Beautiful spot, am almost wholly surrounded by water |
wherein Deacon (later General) Palmer |
has surrounded himself with a colony |
of glass-blowers from Germany |
come to undertake that work in America, 1752, |
his lucerne grass |
whereof 4 crops a year, seed he had of Gridley of Abingdon |
about 70 bushels of 1/4th an acre of land |
his potatoes (64/355) |
A little later we have Adams improving his own land,
lopping and trimming |
walnut trees, and for felling of pines and savins |
An irregular misshapen pine will darken |
the whole scene in some places (64/357) |
Those lines stand against, ‘we saw five boxes of dollars | going in a horse cart to Salem for Boston | FOR England’, an indication of how England’s interest is in taxing, not improving America.
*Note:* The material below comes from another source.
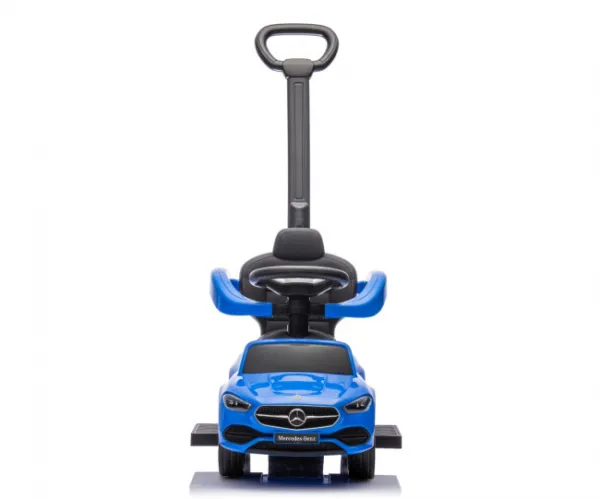 Detské odrážadlo s vodiacou tyčou MERCEDES C-Class Deluxe Milly Mally Blue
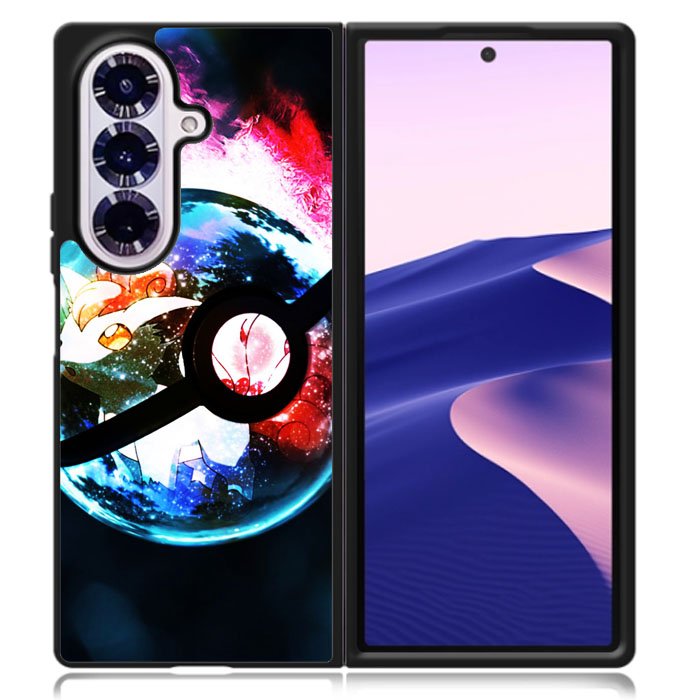 Amazing Pokemon Ball Wallpaper Case Samsung Galaxy Z Fold 7 Case DC0062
Adams manifests a growing concern for the useful arts by which Americans can make themselves independent financially as well as politically. He remarks that ‘in Connecticut every family has a little manufactury house | and make for themselves things for which they were used | to run into debt to the merchants’ (64/360). (Pound rhymes that with Adams himself proving a homegrown match for the English in law.) Then he is struck by such industry on a larger scale, ‘6 sets of works in one building, hemp mill, oil mill, and | a mill to grind bark for tanners’, also ‘a fuller’s | mill for both cloth and leather’ (65/365); and in 1776 he actively advances on that by having one of his Congressional committees resolve
To provide flax, hemp, wool and cotton |
in each colony a society for furtherance |
of agriculture, arts, manufacturies |
and correspondence between these societies |
that natural advantages be not neglected (65/367) |
—and also that the colonies may be not dependent upon foreign manufactures.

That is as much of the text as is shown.